Sunday, January 11, 2015

Batman: Eternal #40 Review

Written by: Ray Fawkes
Art by: Davide Furno and Paolo Armitano
Cover Price: $2.99
Release Date: January 7, 2015

Lock, Stock and about a Thousand Smoking Barrels

Last week's Eternal ended with Batman and the Riddler caught in an avalanche, a slew of Gotham's Most Wanted (and even some Least Respected) getting some hands on time with Batman's best gadgets and weapons and Vicki Vale staring down the barrel of a gun.  I enjoyed the issue as a fun little diversion and thought that Ray Fawkes nailed the Riddler as an outsider pissed off at Batman's fall from grace and inability to figure things out.  This week continues with more of the same, which is a good and a bad thing depending on how you look at it.  

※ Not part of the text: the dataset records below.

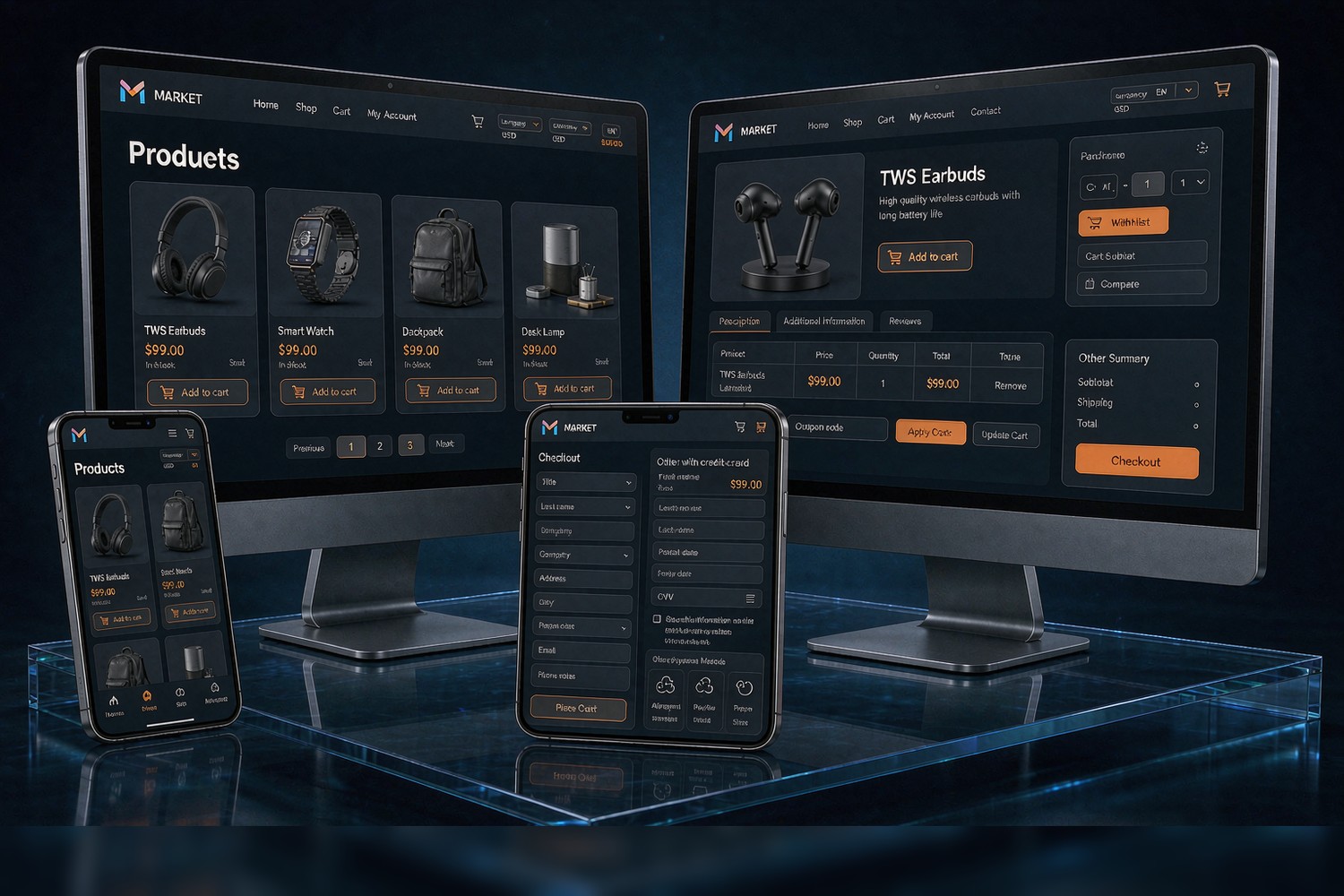 Flamingo Tech independent store three screens: product listing, detail with cart, international checkout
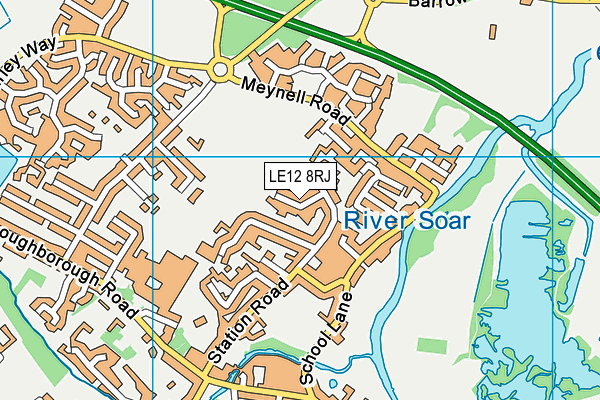 LE12 8RJ map - OS VectorMap District (Ordnance Survey)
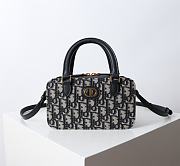 Bagsaaa Dior 30 Montaigne Mini Doctor Bag Blue Dior Oblique Jacquard and Smooth Calfskin - 20cm - 1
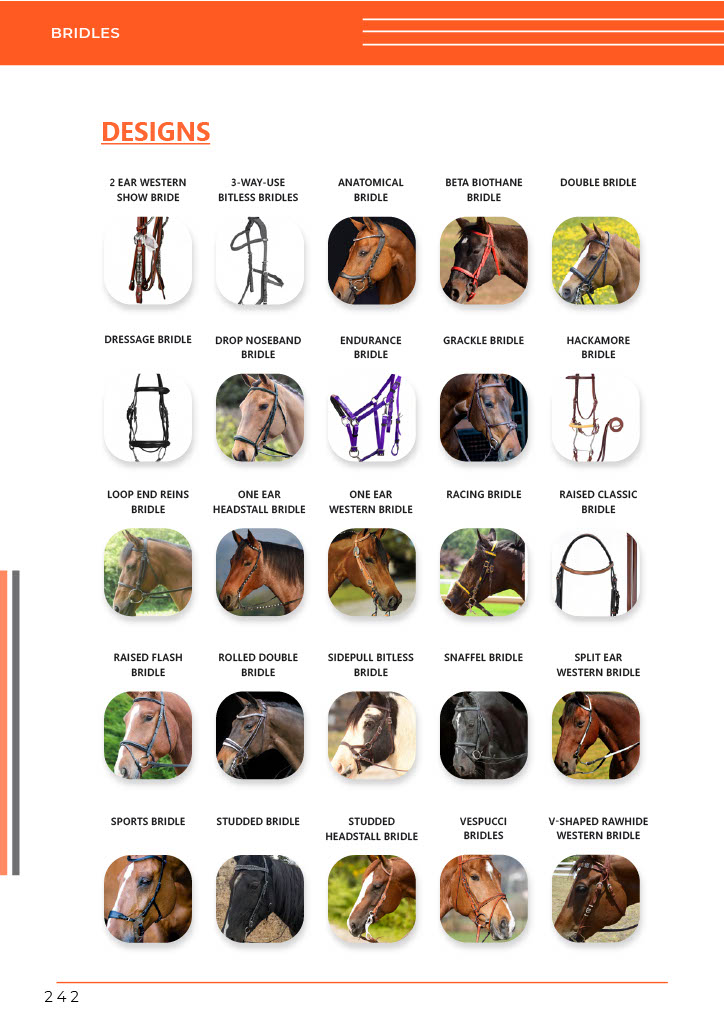 Catalog page from GHC Sportswear® displaying multiple custom horse bridle designs for OEM and wholesale buyers. The image includes styles such as Anatomical Bridle, Beta Biothane Bridle, Dressage Bridle, Endurance Bridle, Hackamore Bridle, Snaffle Bridle, Sidepull Bitless Bridle, and Western Show Bridles. Each model highlights different fits, materials, and noseband types, showing GHC Sportswear’s OEM customization capabilities for equestrian tack distributors and importers.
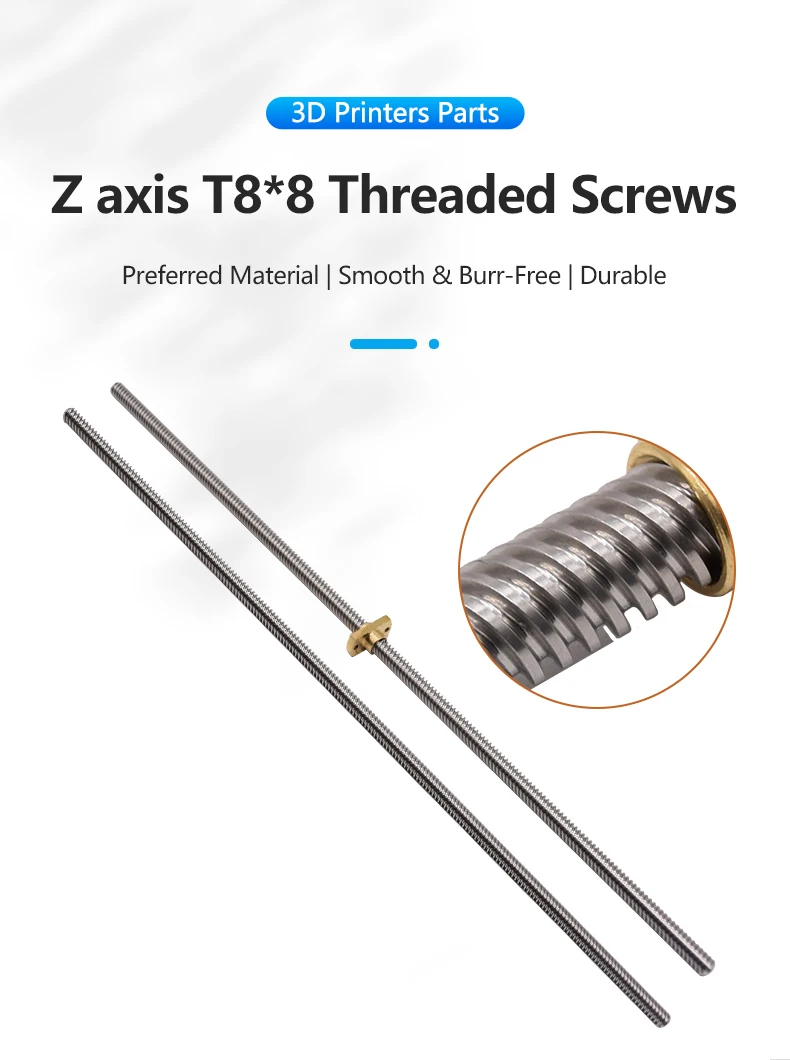 T8*8 Ender 3 Lead Screw Z axis Rod +Brass Nuts Lead 8MM 365/399/400MM for Ender-3 Ender-3 V2 Ender 6 CR-10S CR-10 V2 CR-6 SE I3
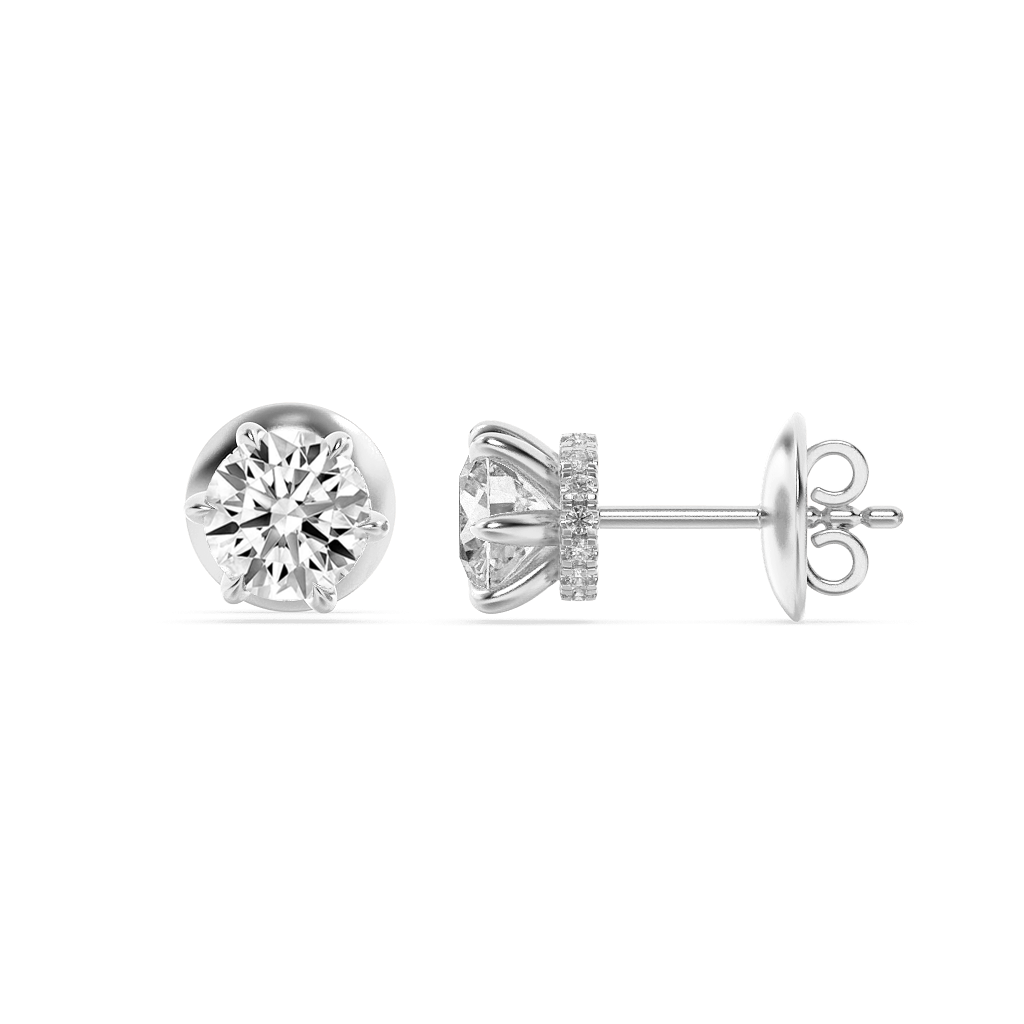 14K White Gold 3ctw Lab Diamond Stud Earrings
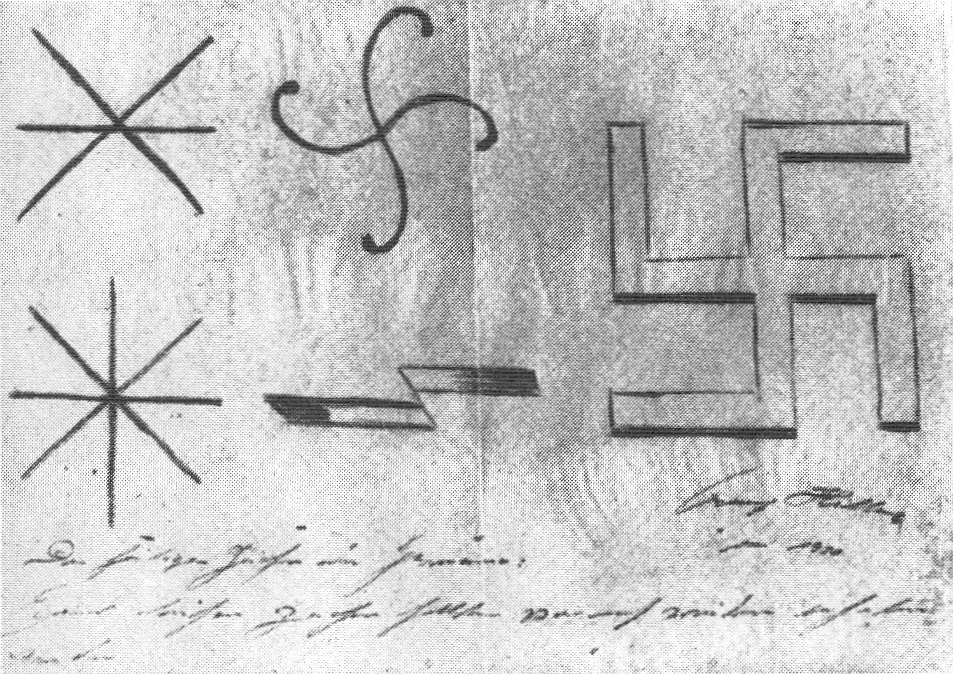 Hitler handschriftl. Skizzenentwurf des Hakenkreuzes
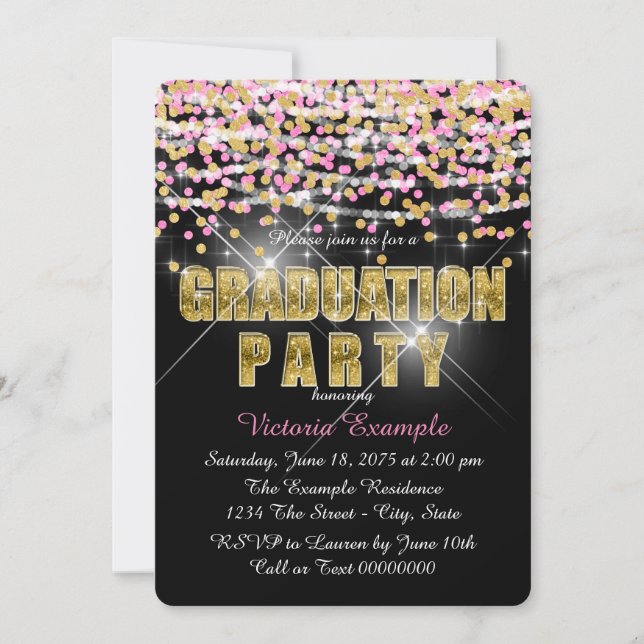 Invitación Fiesta de graduación con confeti brillante de rosa (Anverso)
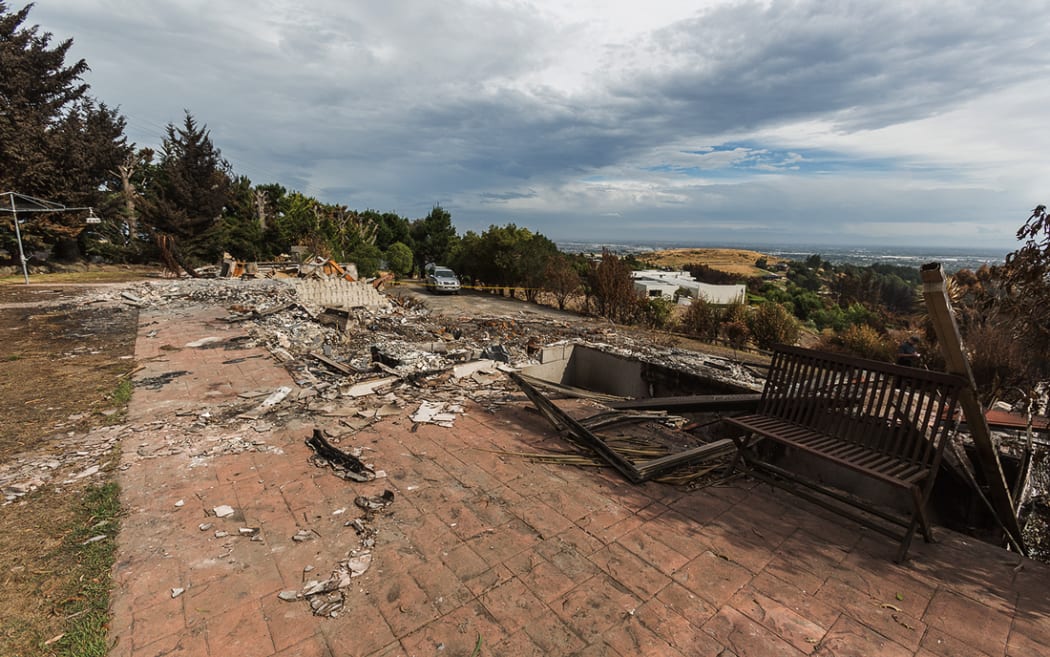 What's left of the house in the Port Hills.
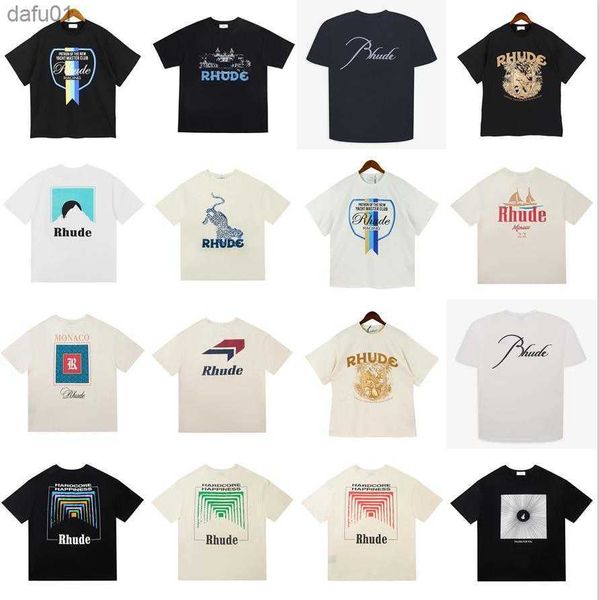 

men's t-shirts rhude mens t-shirts designer for men short sleeve rhudes printing shirts tee loose tshirts woman oversized asian size, White;black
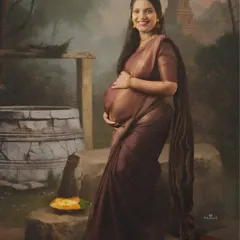 Inspired by the timeless paintings of Raja Ravi Varma, I create fine art portraits that look like they belong in a gallery. This is a unique way to turn your maternity photo into an heirloom.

The issue opens on Miller Mountain and you are not going to believe this...Batman survived!  He's a bit worse for wear, but he is vengeance, he is the night, he is...still stuck on a mountain side. Luckily he still has some gadgets and one of the sweetest rides in Gotham.  He gathers up Nygma and off they go.  I mentioned earlier that I enjoyed the Riddler in last week's issue, but that isn't the case this week.  If I'm correct, he triggered the avalanche and yet he seems upset at Batman.  He comes off like a whiny jerk.

Meanwhile, the Gotham Villains are still laughing about their good fortune, but they take time out to insult each other as well.  It's nice to see that the Cluemaster is a joke to everyone, not just us readers.  While this is going on, Catwoman shows she's the only one with vision and offers them all an opportunity they obviously can refuse.  In fact, her offer (and maybe herself) get blown to bits thanks to a missile shot from Firefly.  All this is good fun, but the best parts for me were watching Clayface slowly transform into Batman during all this and Joker's Daughter.  Yes, I hate Joker's Daughter with a passion, but while all this is going on, she is just carrying bombs around while mugging at the camera.  When the scene ends, we see the results of her narrow minded plan. Hilarious.  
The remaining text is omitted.